PROVIDED DATA:

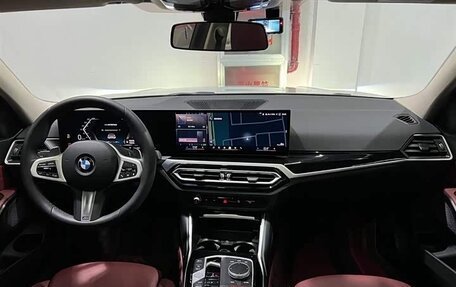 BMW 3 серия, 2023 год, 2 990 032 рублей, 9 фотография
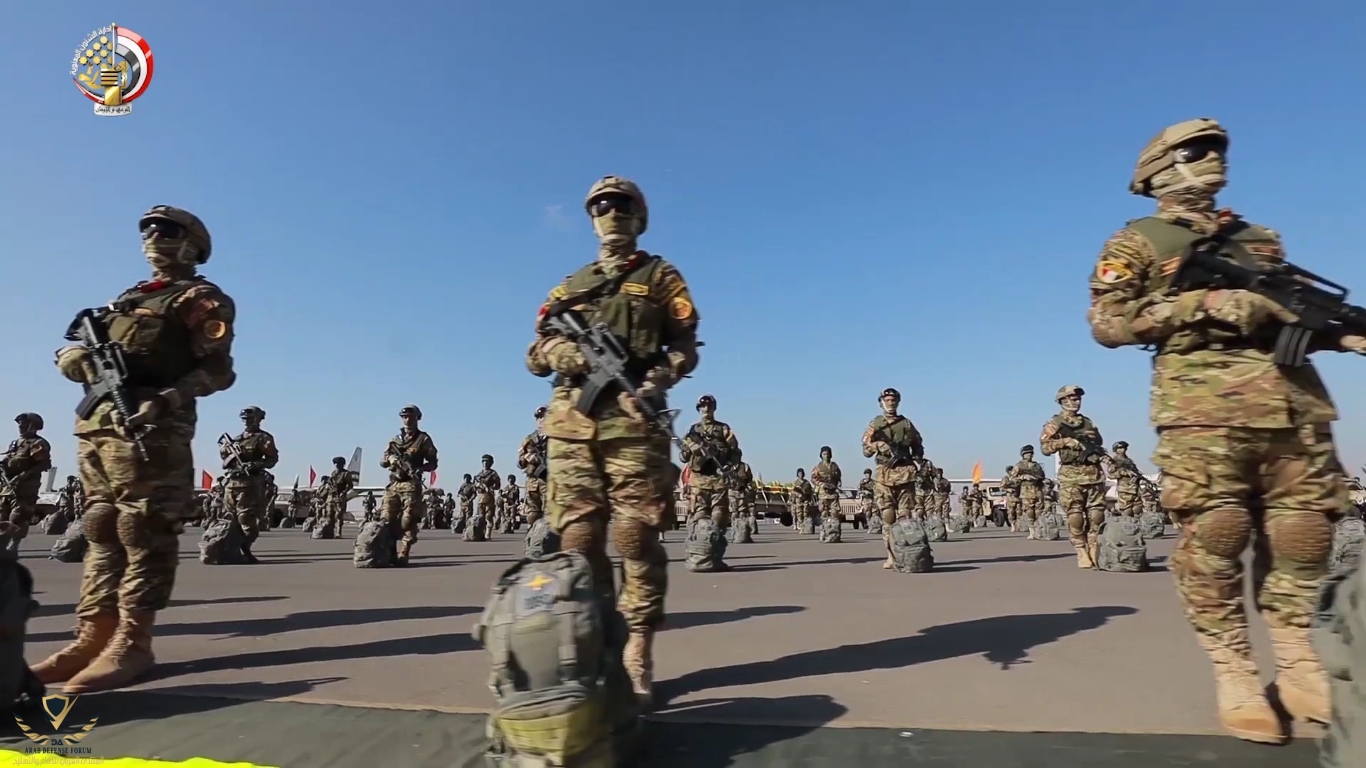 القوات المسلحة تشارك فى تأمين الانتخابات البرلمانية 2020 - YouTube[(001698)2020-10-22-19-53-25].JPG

==

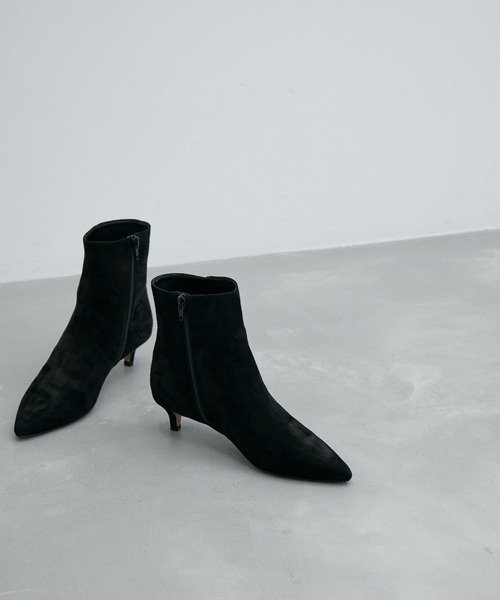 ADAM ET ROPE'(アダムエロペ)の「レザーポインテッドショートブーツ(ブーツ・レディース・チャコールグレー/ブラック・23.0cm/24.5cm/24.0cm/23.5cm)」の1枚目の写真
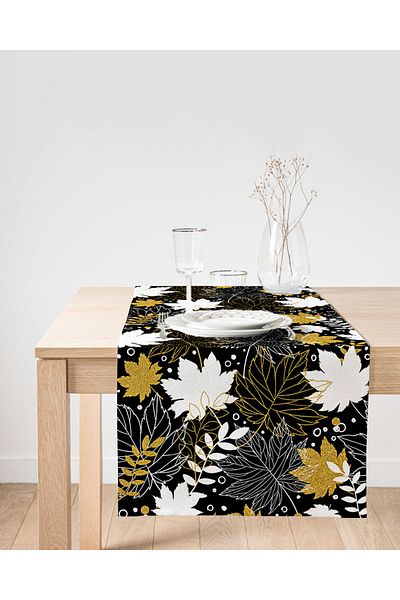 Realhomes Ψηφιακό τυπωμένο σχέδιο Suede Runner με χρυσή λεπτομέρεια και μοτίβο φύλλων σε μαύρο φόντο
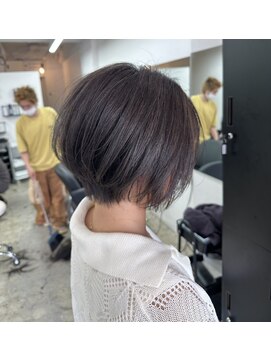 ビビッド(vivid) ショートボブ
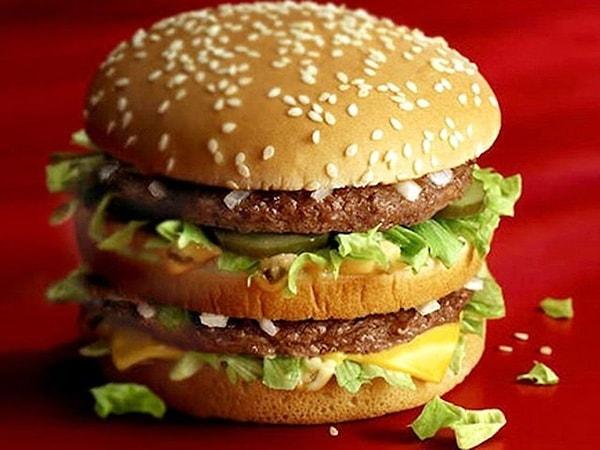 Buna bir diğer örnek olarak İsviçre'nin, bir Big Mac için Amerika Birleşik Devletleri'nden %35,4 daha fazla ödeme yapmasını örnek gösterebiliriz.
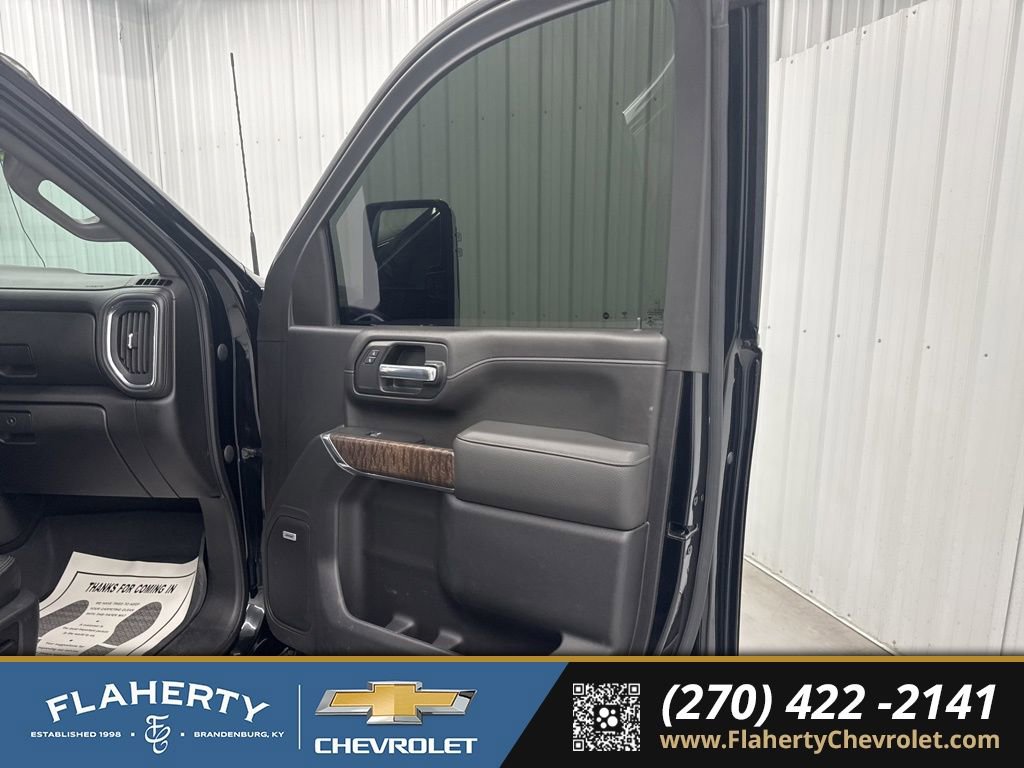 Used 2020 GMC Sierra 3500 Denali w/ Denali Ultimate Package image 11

DESCRIPTION OF THE TASK: Everything above from the line containing "Buna bir diğer" through the line containing "Used 2020 GMC" must be repeated exactly, and the pictures must be left out.

SOLUTION:
 Buna bir diğer örnek olarak İsviçre'nin, bir Big Mac için Amerika Birleşik Devletleri'nden %35,4 daha fazla ödeme yapmasını örnek gösterebiliriz.
 Used 2020 GMC Sierra 3500 Denali w/ Denali Ultimate Package image 11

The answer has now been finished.